(TASK STATEMENT): Could you reproduce the lines below from the one with "On line 10, I" through the one with "Welcome back to"? Keep both ends and add nothing.

Dataset items
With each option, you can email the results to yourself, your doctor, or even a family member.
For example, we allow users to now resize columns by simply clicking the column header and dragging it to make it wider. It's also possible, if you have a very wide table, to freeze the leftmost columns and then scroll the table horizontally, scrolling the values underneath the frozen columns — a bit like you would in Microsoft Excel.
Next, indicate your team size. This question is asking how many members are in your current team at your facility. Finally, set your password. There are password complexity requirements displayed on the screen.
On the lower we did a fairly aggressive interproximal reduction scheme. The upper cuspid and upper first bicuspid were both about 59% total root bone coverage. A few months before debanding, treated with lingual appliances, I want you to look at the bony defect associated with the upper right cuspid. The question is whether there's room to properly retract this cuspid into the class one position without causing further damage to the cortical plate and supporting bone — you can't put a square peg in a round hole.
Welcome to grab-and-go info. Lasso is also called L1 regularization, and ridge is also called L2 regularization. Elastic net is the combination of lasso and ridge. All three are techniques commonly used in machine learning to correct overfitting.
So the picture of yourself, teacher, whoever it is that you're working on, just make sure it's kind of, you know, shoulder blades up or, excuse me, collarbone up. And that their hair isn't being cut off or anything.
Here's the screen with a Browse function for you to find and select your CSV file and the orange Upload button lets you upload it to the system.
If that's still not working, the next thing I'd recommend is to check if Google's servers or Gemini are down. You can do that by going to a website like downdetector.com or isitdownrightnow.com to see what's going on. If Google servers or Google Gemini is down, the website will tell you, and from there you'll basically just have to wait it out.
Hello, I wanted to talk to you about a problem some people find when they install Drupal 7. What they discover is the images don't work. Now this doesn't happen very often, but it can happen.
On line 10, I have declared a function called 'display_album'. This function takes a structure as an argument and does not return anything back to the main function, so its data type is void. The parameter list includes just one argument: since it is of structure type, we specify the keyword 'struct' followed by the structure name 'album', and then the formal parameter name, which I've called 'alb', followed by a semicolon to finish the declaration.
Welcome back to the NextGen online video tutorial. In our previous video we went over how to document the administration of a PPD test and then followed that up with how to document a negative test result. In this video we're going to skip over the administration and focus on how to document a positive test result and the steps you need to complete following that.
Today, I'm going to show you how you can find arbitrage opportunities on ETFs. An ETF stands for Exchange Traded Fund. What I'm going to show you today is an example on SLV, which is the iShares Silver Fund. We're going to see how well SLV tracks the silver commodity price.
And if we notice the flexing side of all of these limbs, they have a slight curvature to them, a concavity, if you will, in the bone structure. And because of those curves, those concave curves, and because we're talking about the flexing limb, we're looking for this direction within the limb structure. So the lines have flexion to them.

(WRITTEN SOLUTION):
On line 10, I have declared a function called 'display_album'. This function takes a structure as an argument and does not return anything back to the main function, so its data type is void. The parameter list includes just one argument: since it is of structure type, we specify the keyword 'struct' followed by the structure name 'album', and then the formal parameter name, which I've called 'alb', followed by a semicolon to finish the declaration.
Welcome back to the NextGen online video tutorial. In our previous video we went over how to document the administration of a PPD test and then followed that up with how to document a negative test result. In this video we're going to skip over the administration and focus on how to document a positive test result and the steps you need to complete following that.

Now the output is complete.